Has the nature of international relations changed, or have we just gotten
lucky? Certainly I think the international (and many-national) perspective on
human rights and the rights of persons has evolved since then. A draft of
soldiers would be perceived quite extremely in the modern day, and would face
staunch and inexorable political pressure except in the face of something like
total war. Furthermore, globalization has increased substantially since then.
A total war with a breakdown of international trade could quickly result in
famine in many areas of the world.

It seems more likely that modern warfare will occur through complex and subtle
means like economic and financial sabotage (like the measures that have been
used against Iran). Arguably this is going on between the US and China in some
ways today, with the weakening of China's stock market, the recent US bans on
Chinese products, and requirements imposed on foreign companies by China.
However, to all the degree that they're add odds with each other, I
fundamentally get the impression that US and China are too rational and self-
interested to reach armed conflict with each other.

It's also interesting to consider how culture may have shifted over time. 60
years ago, the population might have had one particular perception about going
to war with "the japs" (and Asian ethnic slurs). In the modern day, demonizing
Asia feels somehow dated, and it's popular to demonize the Arab world instead.
I don't know if this is underlying truth or just media spin, but even though
there are significant ideological differences in some way (e.g., freedom of
speech), it doesn't _seem_ like USA or other conventionally western countries
are somehow "at odds with" Asia, even though from a financial perspective
that's far more the case than most parts of the world that area in the media a
lot more. I suppose it relates to people chanting "death to the USA" and
exploding bombs and things like that. Perhaps also it relates to the fact that
there's been far less imperialism from the USA directed toward China and
similar territories than toward other areas of the world. Who knows.

Wikipedia has something interesting to say about this: "The partnership
between China and the United States, where each nation regards each other as a
potential adversary as well as a strategic partner, has been described by
world leaders and academicians as the world's most important bilateral
relationship of the century. As of 2014, the United States has the world's
largest economy and China the second largest. [...] China remains the largest
foreign creditor of the United States,[4] holding about 10% ($1.8 trillion) of
the U.S. national debt."

"China–United States relations have generally been stable with some periods of
open conflict, most notably during the Korean War and the Vietnam War.
Currently, China and the United States have mutual political, economic, and
security interests, including, but not limited to, the prevention of terrorism
and the proliferation of nuclear weapons, although there are unresolved
concerns relating to the role of democracy in government in China and human
rights in both respective countries" \- so, the things that we have a stake in
are unlikely to lead us to war.

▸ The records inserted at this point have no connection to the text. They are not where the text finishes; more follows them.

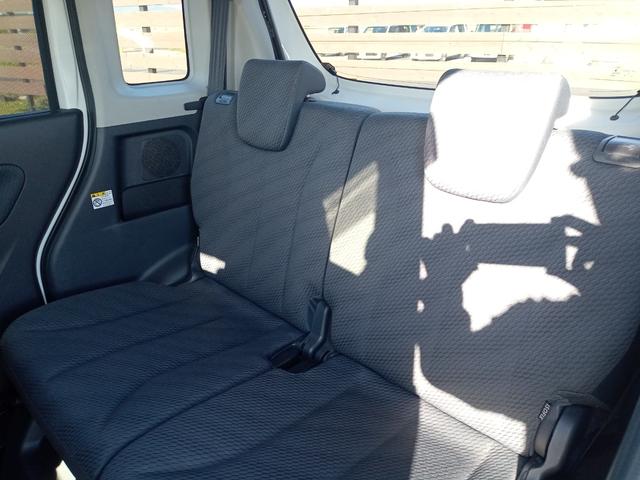 スペーシア Ｘリミテッド　両側電動スライドドア　衝突被害軽減システム　ＨＩＤ　スマートキー　アイドリングストップ　シートヒーター　ベンチシート　ＣＶＴ　盗難防止システム　ＡＢＳ　ＥＳＣ　ＣＤ　ＵＳＢ　Ｂｌｕｅｔｏｏｔｈ（11枚目）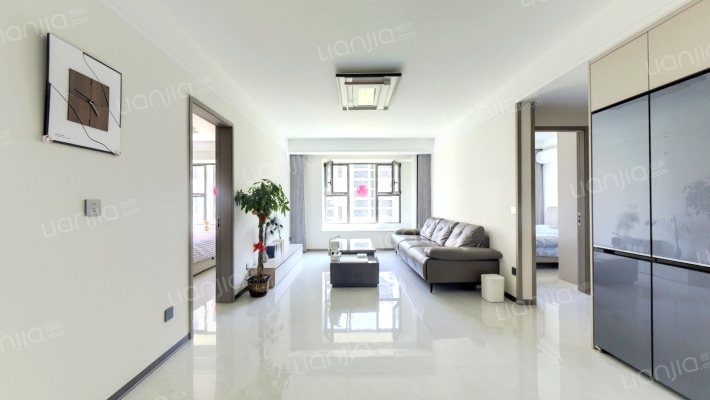 本房是经典的四叶草户型，南北三通透，双明卫，好楼层-客厅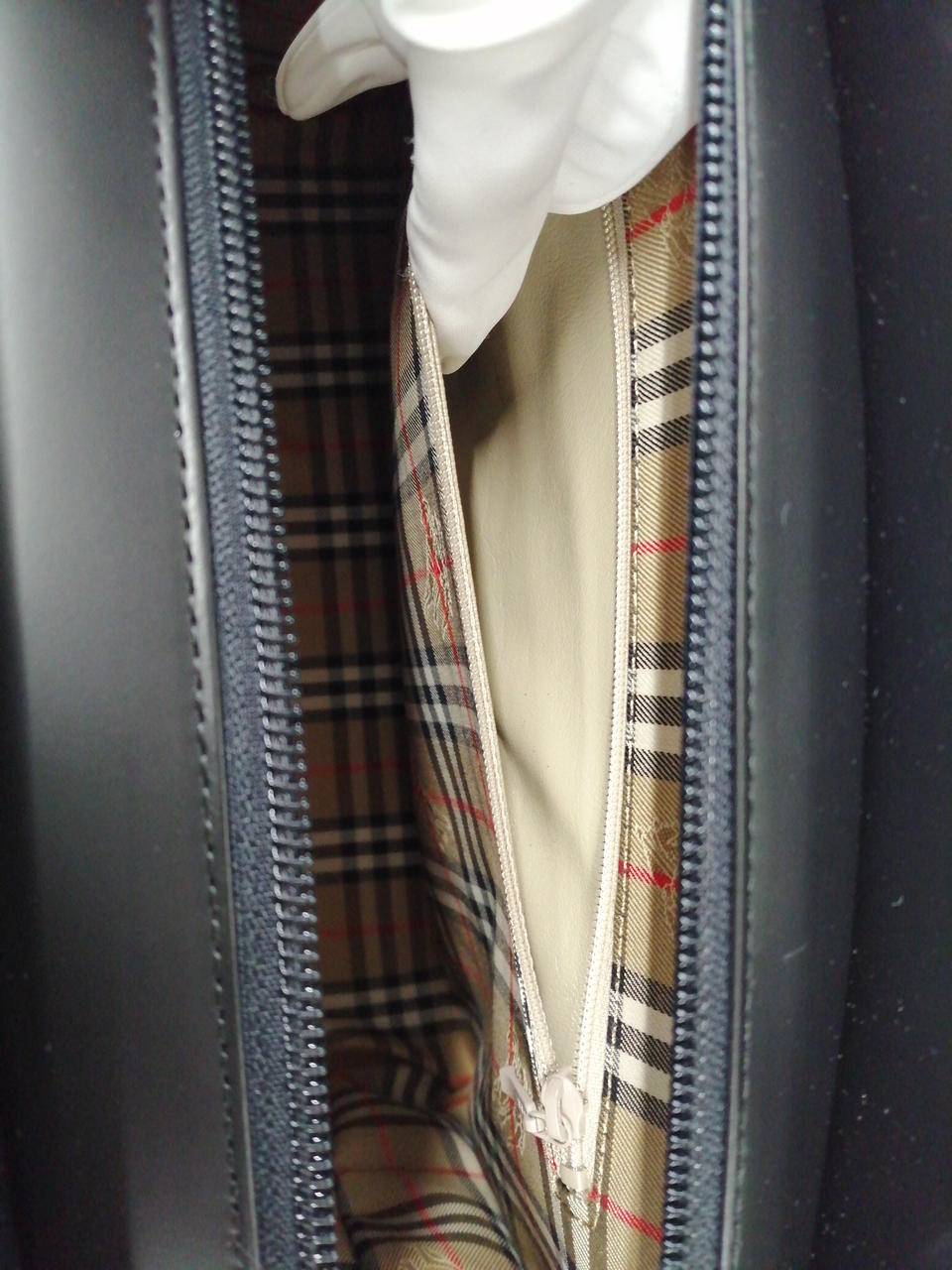 内側ポケットの中ベタつきあり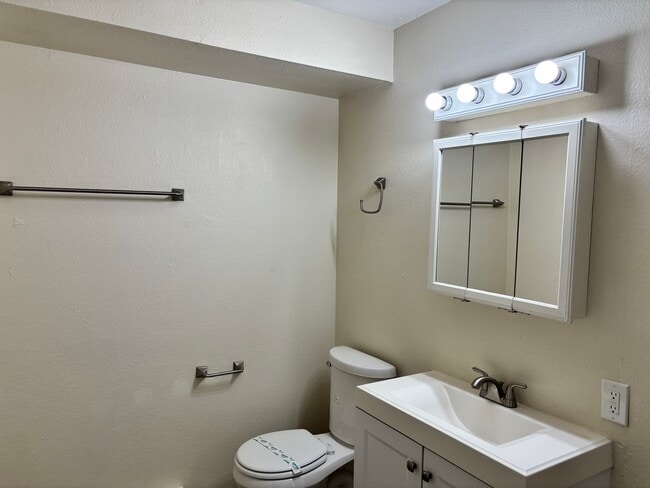 Building Photo - NEWLY REMODELED CONDO - 1 BED/1 BATH UPSTA...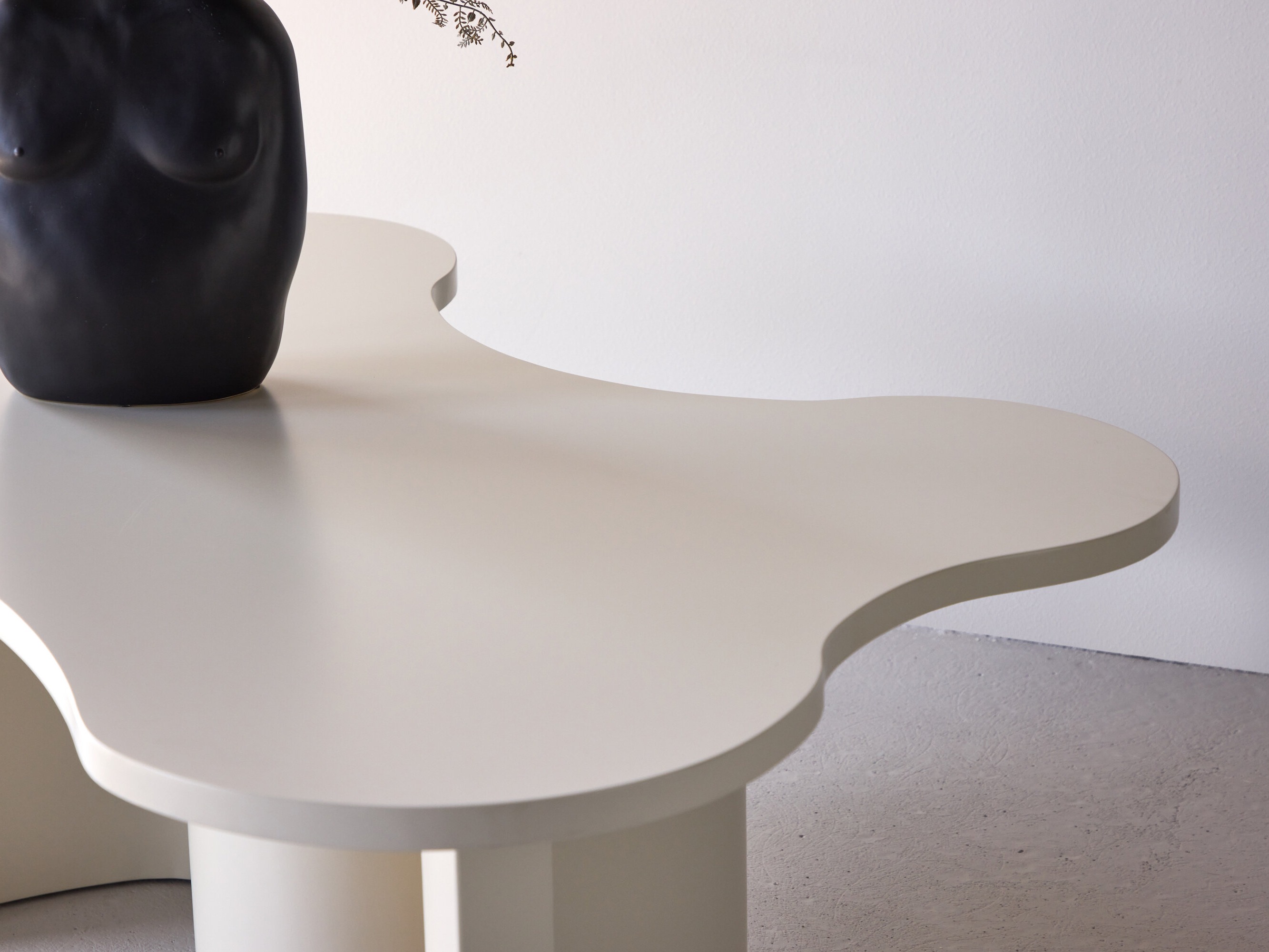 Klubska mizica Dallas 4944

The USA is not going to go to war with China
over its civil rights issues.

"The two countries remain in dispute over territorial issues in the South
China Sea. At the annual Strategic and Economic Dialogue in 2014, both
countries confirmed that they wanted to improve their relationship. U.S.
Secretary of State John Kerry stated that the United States did not seek to
contain China,[5] while Chinese President Xi Jinping stated that a
confrontation between the two countries would be a disaster." \- also unlikely
to lead to war. It helps that both countries are essentially atheist states.

The most likely way that USA and China get drawn into war is through some kind
of proxy situation with allies that they get drawn into. However, they are so
much more powerful than their allied nations that I suspect each party
enforces detente. All of this said, it seems plausible that there are tensions
brewing on the horizon, with China having 1.3 billion people and USA 320
million. Human capital is an extremely valuable resource. Perhaps we are just
fortunate to be in a calm period of history during recent times.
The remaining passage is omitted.